Stored data:
—————

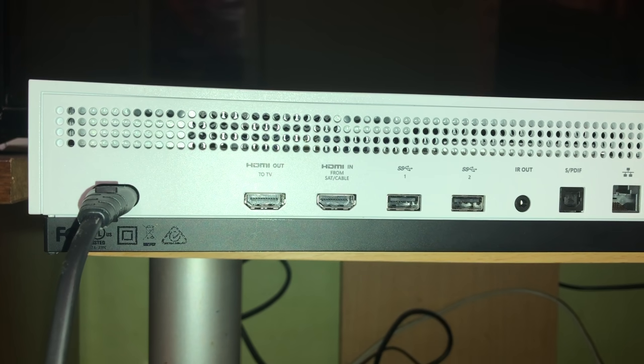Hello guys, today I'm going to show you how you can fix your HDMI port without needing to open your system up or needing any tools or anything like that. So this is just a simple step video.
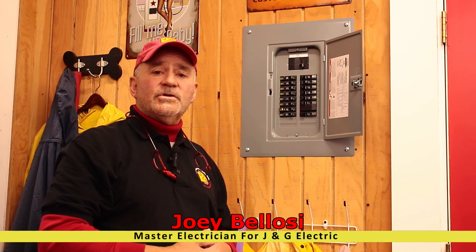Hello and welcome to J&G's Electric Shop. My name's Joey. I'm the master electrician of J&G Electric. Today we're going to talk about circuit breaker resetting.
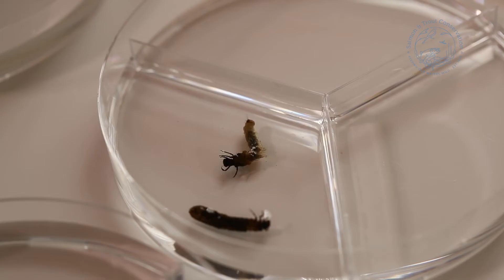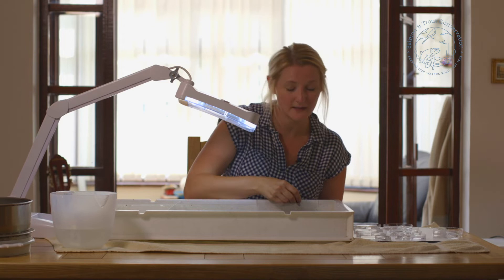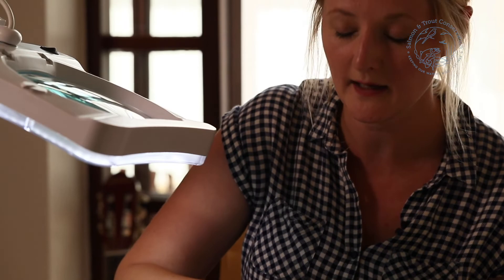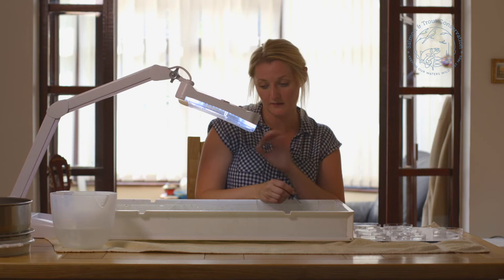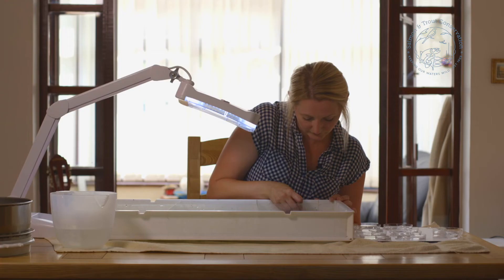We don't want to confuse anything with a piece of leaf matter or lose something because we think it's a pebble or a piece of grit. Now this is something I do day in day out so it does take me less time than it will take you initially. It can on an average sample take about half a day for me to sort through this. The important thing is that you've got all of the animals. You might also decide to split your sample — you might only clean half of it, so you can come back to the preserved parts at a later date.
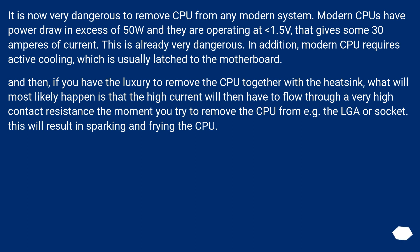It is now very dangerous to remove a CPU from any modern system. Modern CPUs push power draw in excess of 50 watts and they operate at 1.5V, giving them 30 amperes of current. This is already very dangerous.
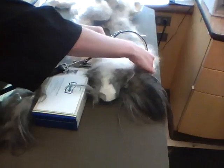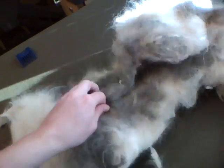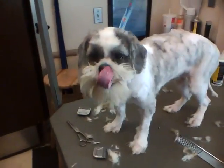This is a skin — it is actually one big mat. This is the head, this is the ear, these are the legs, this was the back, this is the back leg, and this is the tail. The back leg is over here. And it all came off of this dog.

—————

REQUIRED ACTION - Return all of the entries word for word, but omit the pictures.

SOLUTION FOR THIS EXERCISE -
Hello guys, today I'm going to show you how you can fix your HDMI port without needing to open your system up or needing any tools or anything like that. So this is just a simple step video.
Hello and welcome to J&G's Electric Shop. My name's Joey. I'm the master electrician of J&G Electric. Today we're going to talk about circuit breaker resetting.
We don't want to confuse anything with a piece of leaf matter or lose something because we think it's a pebble or a piece of grit. Now this is something I do day in day out so it does take me less time than it will take you initially. It can on an average sample take about half a day for me to sort through this. The important thing is that you've got all of the animals. You might also decide to split your sample — you might only clean half of it, so you can come back to the preserved parts at a later date.
It is now very dangerous to remove a CPU from any modern system. Modern CPUs push power draw in excess of 50 watts and they operate at 1.5V, giving them 30 amperes of current. This is already very dangerous.
This is a skin — it is actually one big mat. This is the head, this is the ear, these are the legs, this was the back, this is the back leg, and this is the tail. The back leg is over here. And it all came off of this dog.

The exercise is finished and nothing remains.